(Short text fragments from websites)
•••

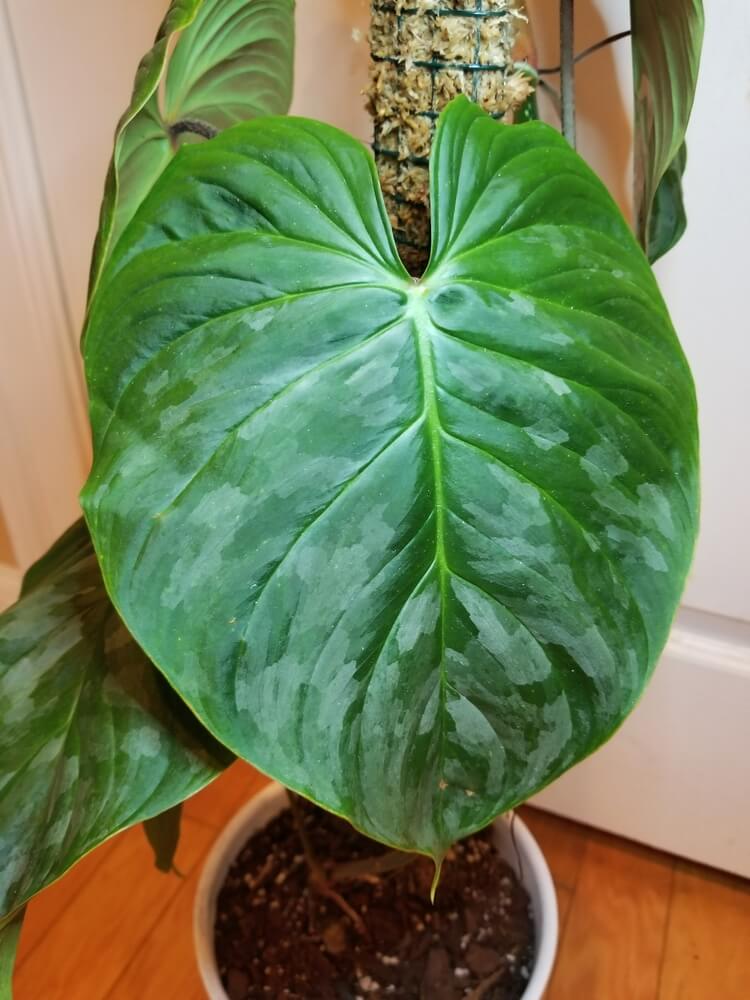 Philodendron Majestic with soil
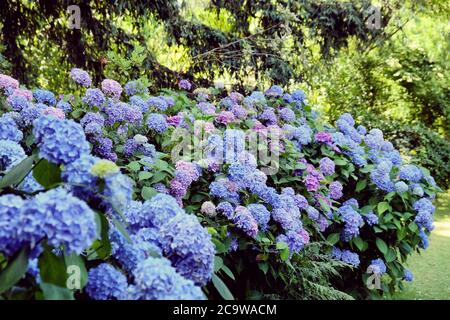 Blauer Mophead Hydrangea macrophylla in Blüte Stockfoto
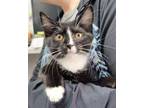 Adopt MAVIS a Domestic Short Hair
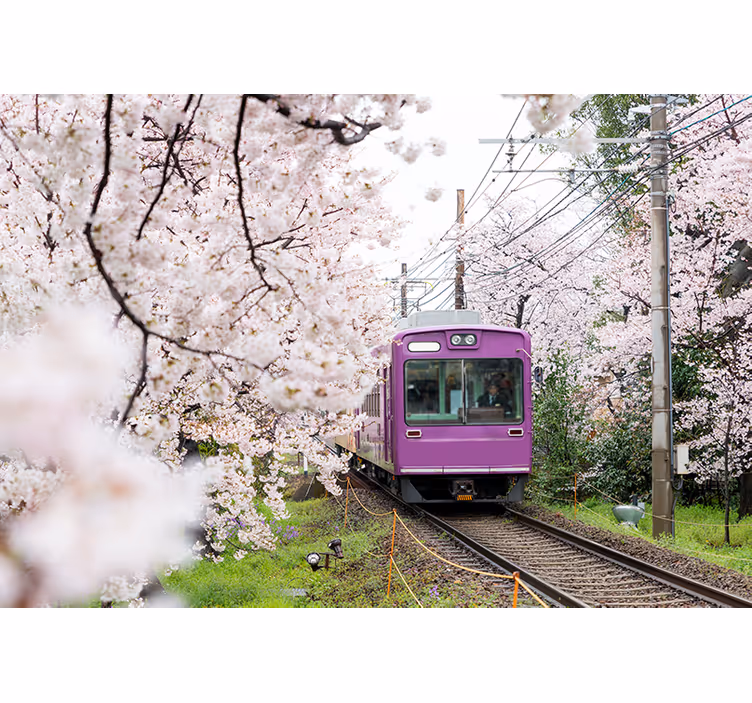 City wall mural cherry blossom train artwork - TenStickers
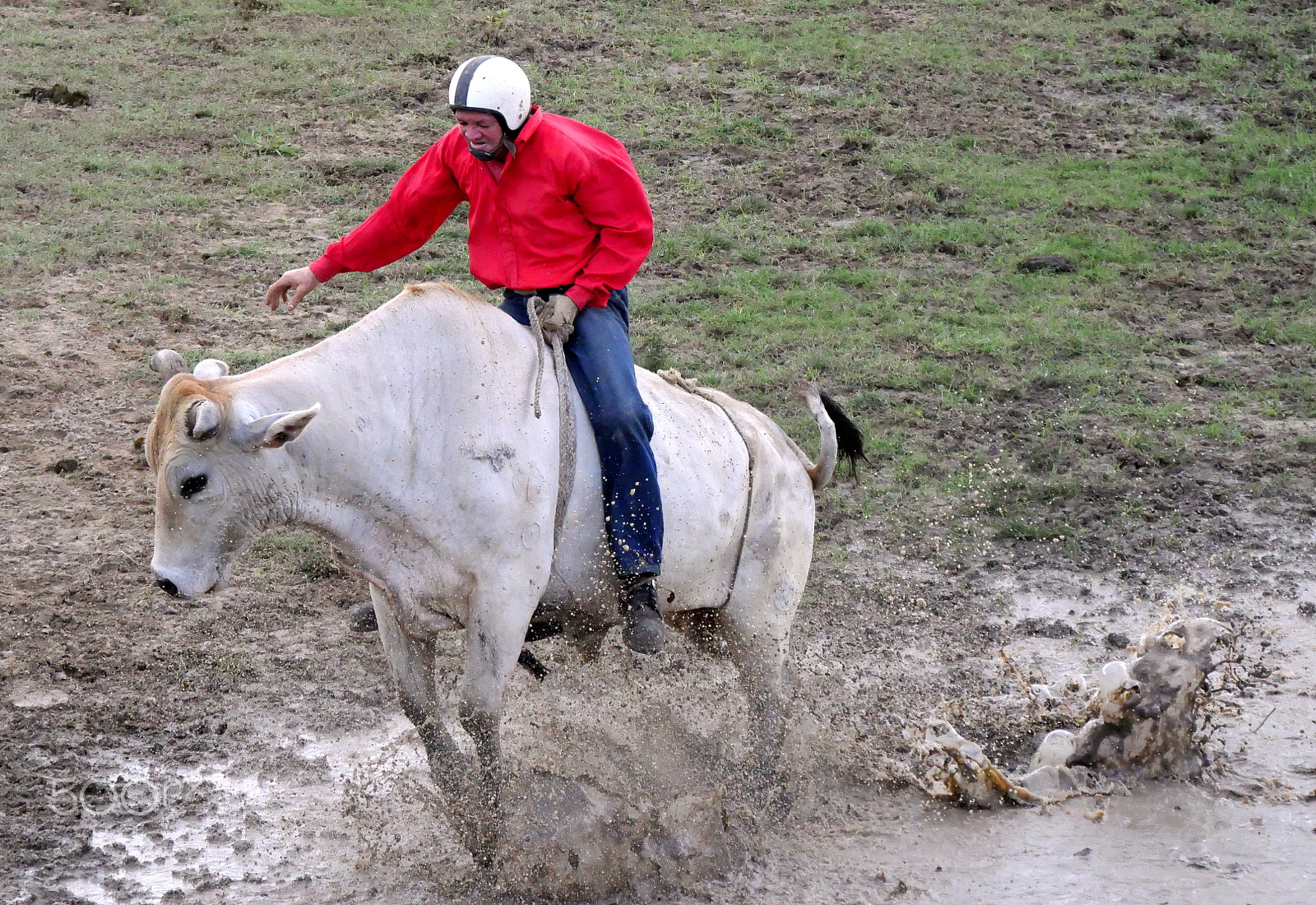Panasonic Lumix DMC-GX8 sample photo. Ride 'em rancher photography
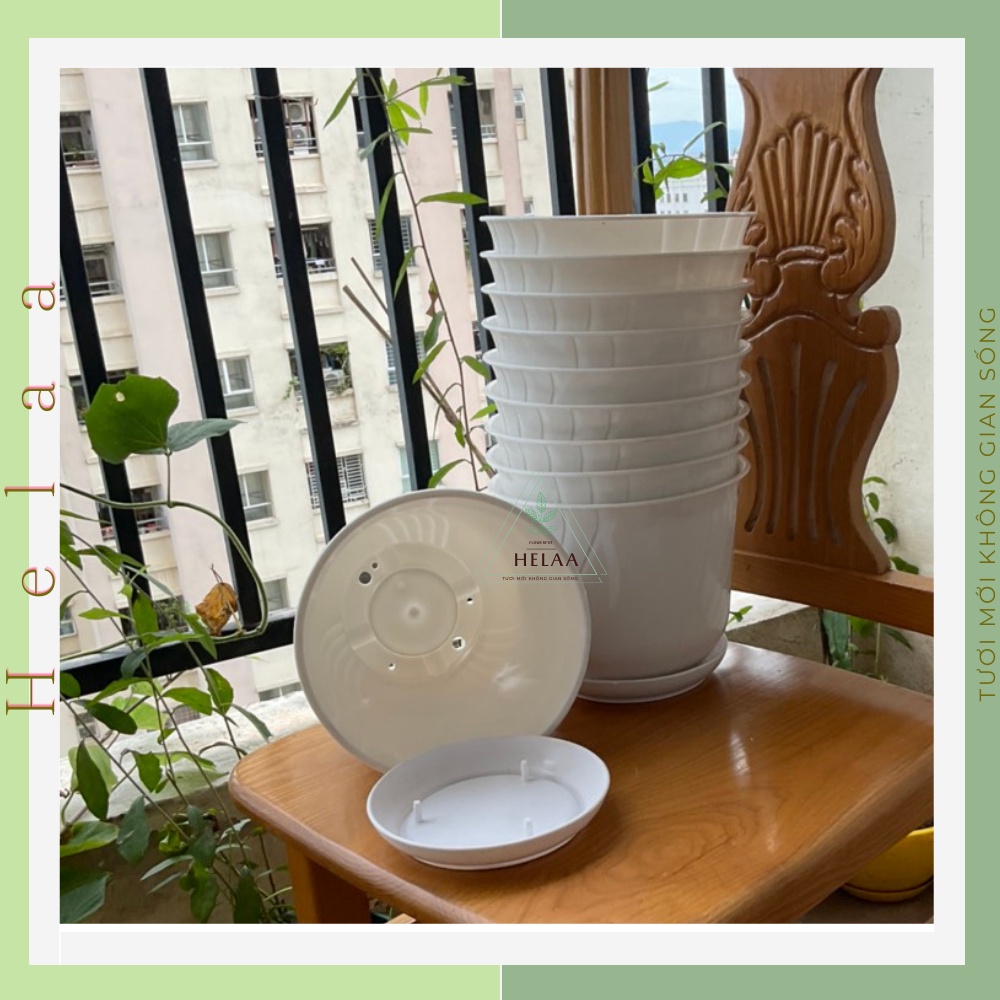 Bộ 10 Chậu Nhựa Có Dĩa 4 Khía Tròn, Chậu Trồng Hoa Liền Đĩa, Cây Cảnh, Ban Công, Bàn Làm Việc Văn Phòng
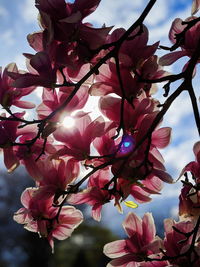 Low angle view of pink flowering plant against sky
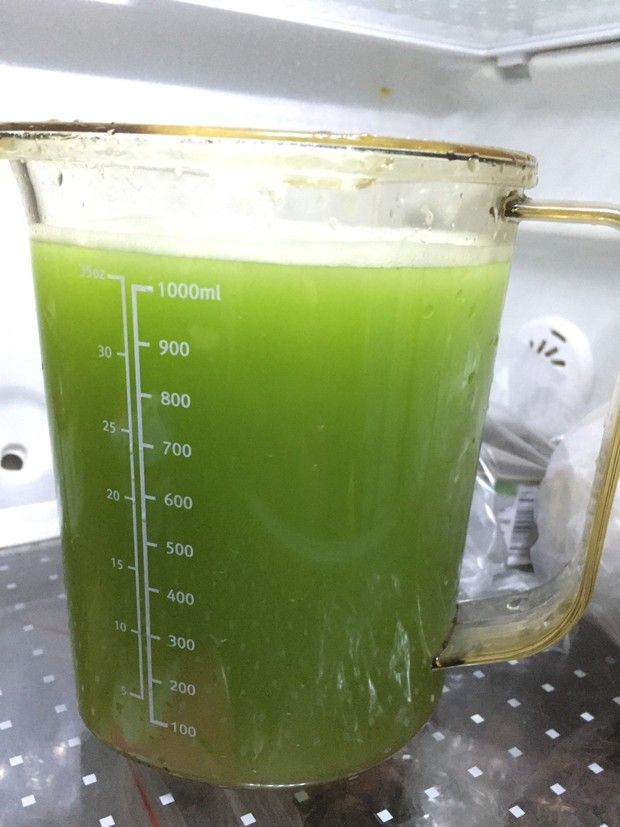 �����֭������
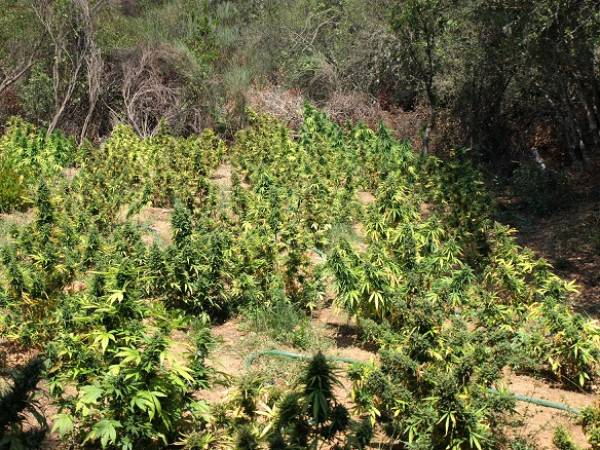 Χασισοφυτείες με 534 δενδρύλλια στα Βρέσθενα Σπάρτης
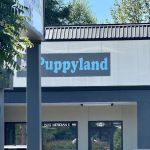 Puppyland Puyallup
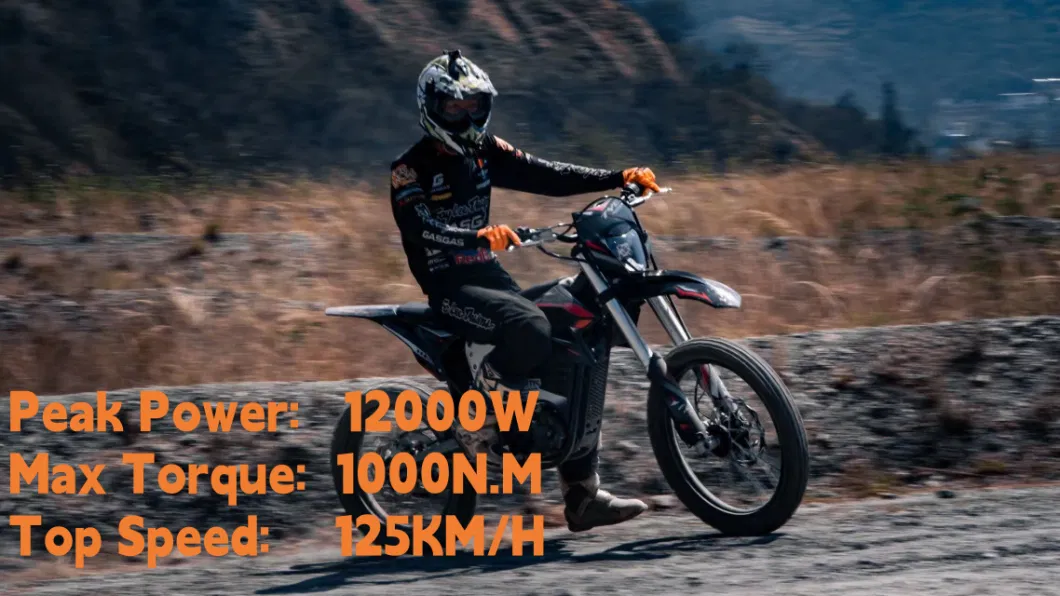 Adult Electric Motorcycle 12000W off Road Electric Motorbike Vehicle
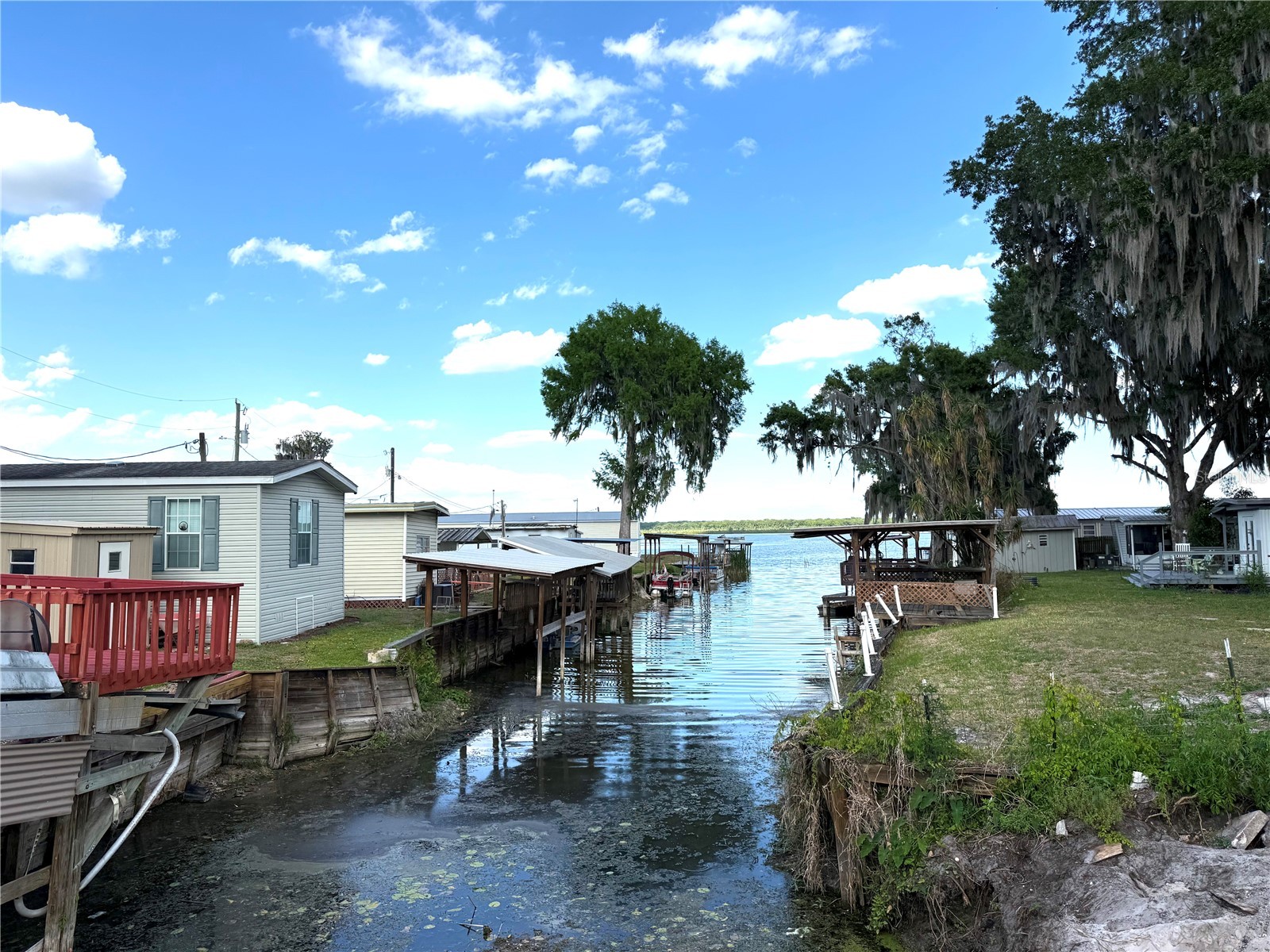748 Cr 477a Lake Panasoffkee FL 33538 OM723307 image3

•••

**Exercise description**. Once the line containing "Adult Electric Motorcycle" is located, write out exactly that line and each one after it to the end of the records above, excluding pictures and nothing else.

**Written answer**.
 Adult Electric Motorcycle 12000W off Road Electric Motorbike Vehicle
748 Cr 477a Lake Panasoffkee FL 33538 OM723307 image3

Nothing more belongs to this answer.